My head snapped up, disbelief choking me. "I can't—"
"YOU CAN!" he roared. "Or we all die here, and your regret will be nothing but rot in the dark!"
My heart clenched, my lungs seared, and the world tilted. The monster loomed closer, its limbs spreading like a grotesque eclipse. A massive hand, thick with writhing sinew, rose above me, ready to come down like divine judgment.
I closed my eyes. I breathed.
Then I reached.
Energy coiled within me like a storm, violent and uncontainable. I tried to split it, to diffuse it through every limb, to make it more than just a burst of raw chaos—but the threads slipped, tangled, burned against me like fire ropes cutting my skin from the inside. My body convulsed, my teeth ground, my vision splintered with white. I was failing. I was falling.
Then I heard it.
A voice. Whispered. Not through the ears but through the bones, a vibration that quivered in the hollows of my ribs and slid cold fingers up the back of my neck. Familiar. Too familiar.
It took me only a second to realize it was her—the woman from the cube, the phantom who had stitched herself into the marrow of my soul and lingered there like a scar that refused to fade.
She didn't scream, didn't command, didn't hurl divine thunder into my skull. She spoke with a softness that terrified me more than any roar could, a softness like silk draped over a knife, a softness that implied she had never once needed to raise her voice to bend the world.

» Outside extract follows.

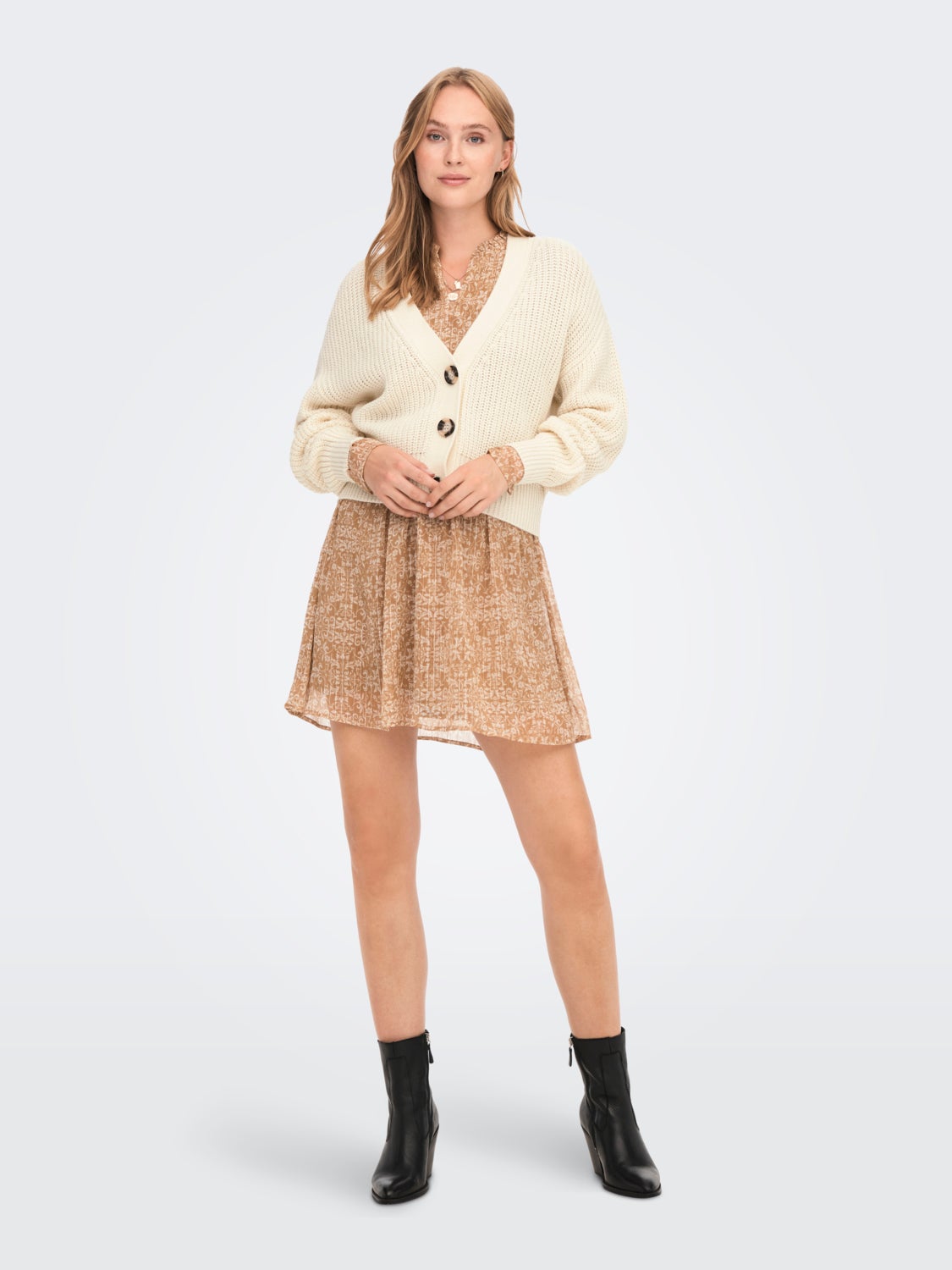 Short Knitted Cardigan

One word. So simple it shouldn't have mattered.
"Relax."
It was then that the world melted.
I felt my body dissolve, every nerve unspooling, every bone loosening into water, every thought scattering like petals. The world slowed to a crawl, and I realized I had never truly breathed until now.
The hand descended. But then I moved.
Lightning—that's the only word to describe it. I was lightning, a crack tearing the world in half, a shiver that left reality trailing behind in stunned silence. My body became a blur beyond sound, a jagged streak across the chamber. Shockwaves screamed in my wake, ripping water from the floors and walls, pulverizing pillars into dust, flinging cultist corpses like ragdolls into the shadows.
I ricocheted off a pillar, the stone cracking under the force, my dagger tearing a canyon down Callow's thigh. He roared—a dozen mouths, a dozen deaths—but I didn't care. Another rebound, another strike; my blade tore into his chest, black ichor spattering across the chamber like liquid night.
I was everywhere—at his back, at his side, across his face—each cut deeper, sharper, carving him open like an autopsy performed by a god.
The ceiling cracked. The chamber groaned. The heartbeat collapsed entirely, its crimson mass sloughing into the water with a wet thunder, rippling waves that nearly threw me off course.
I surged upward, rebounding off the rubble, tearing through air until I reached the ceiling itself. Stone splintered beneath me as I kicked off, the entire cavern groaning under the force of my impending strike.
I bolted down before whipping around midair, every ounce of force condensing into my heel. I came down like judgment. My foot crashed into Callow's skull with the weight of a falling train. The sound was apocalyptic—a crack that split stone, split air, split hope and fear alike.
His skull cratered the floor with the force of a bullet, the entire chamber convulsing with the impact. Pillars toppled in cascades of rubble while water erupted outward in a tidal fury that swallowed the room as though the sea itself had been unchained.